Page MenuHome GnuPG

Kleopatra: Initial keylisting sometimes fails or hangs for some seconds
Open, HighPublic

Description

On Linux, this problem is extremely hard to reproduce by running Kleopatra. The easiest way to reproduce this on Linux is to run libkleo's keyresolvercoretest (which consists of 58 tests where each one uses a separate temporary GNUPGHOME and each of those tests initializes the KeyCache by doing keylistings with gpg and gpgsm) in a loop until it fails (see also https://invent.kde.org/pim/libkleo/-/issues/2), e.g. by running the following in the build folder of libkleo:

while ctest --output-on-failure -R keyresolvercore; do echo; done

I ran the tests with GPGME_DEBUG=8:$(pwd)/gpgme-$(date +"%Y-%m-%d-%H%M%S").log to get gpgme logs.

It took 109 tries and 25 tries until the test failed. Additionally, in the first iteration 2 out of the 109 runs took ~10 seconds instead of ~3 seconds and in the second iteration 3 out of the 25 tries took ~10 seconds instead of ~3 seconds.

The gpgme logs of the first failure indicate that gpgsm failed to start gpg-agent. The gpgme logs of the second failure seem to indicate that gpg tried a few times to start gpg-agent before it could connect to gpg-agent.
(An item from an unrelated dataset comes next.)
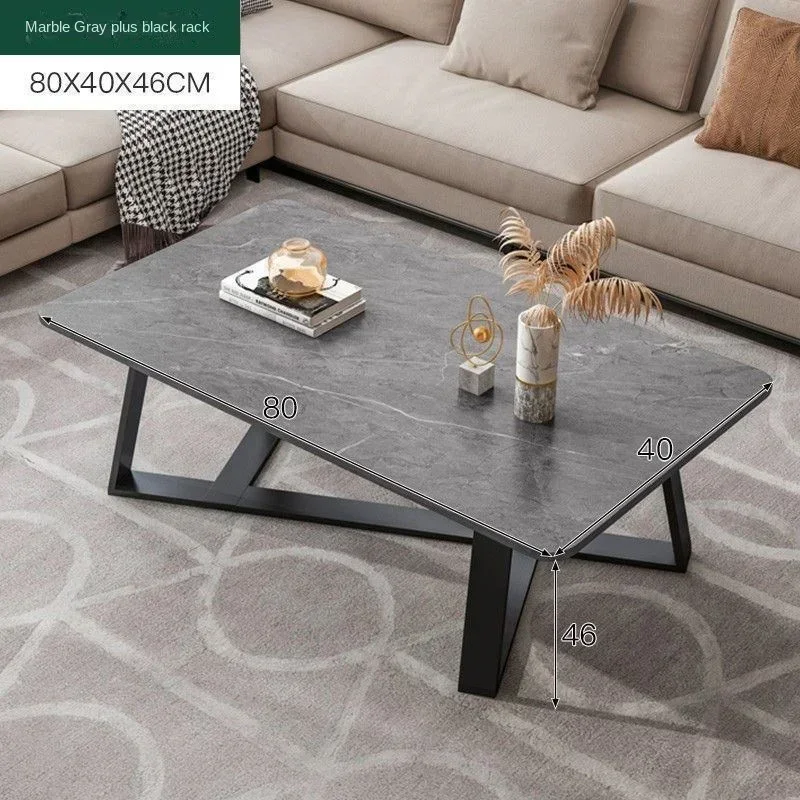 Design Nordic Coffee Tables Small Luxury Marble Metal Modern Narrow Dinning Table Mobile Nordic Meubles De Salon Furnitures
I'll attach the logs.

In any case, the logging suggests that performing concurrent keylistings with gpg and gpgsm without already running gpg-agent, so that gpg and gpgsm race to start gpg-agent, sometimes (on Linux very rarely) results in a failure of one of the keylistings.

To avoid this problem I will serialize the two keylistings done by KeyCache.

Event Timeline

gpgme logs for a failed test where the keylisting with gpgsm failed

gpgme logs for a failed test where the keylisting with gpg was delayed for several seconds

I have reproduced this with libkleo from our gpg4win/24.05 branch and with gpg (GnuPG) 2.4.6-beta102 (HEAD of STABLE-BRANCH-2-4) and current master of gpgme and all GnuPG libraries. It took just 8 runs until a unittest failed.

I can reproduce this with gnupg 2.2.45-beta27 (STABLE-BRANCH-2-2 69a8aefa) on openSUSE Tumbleweed.

I found one reason for the intermittently failing concurrent initial keylisting. gpgsm sometimes uses the wrong socket file to (try to) connect to gpg-agent.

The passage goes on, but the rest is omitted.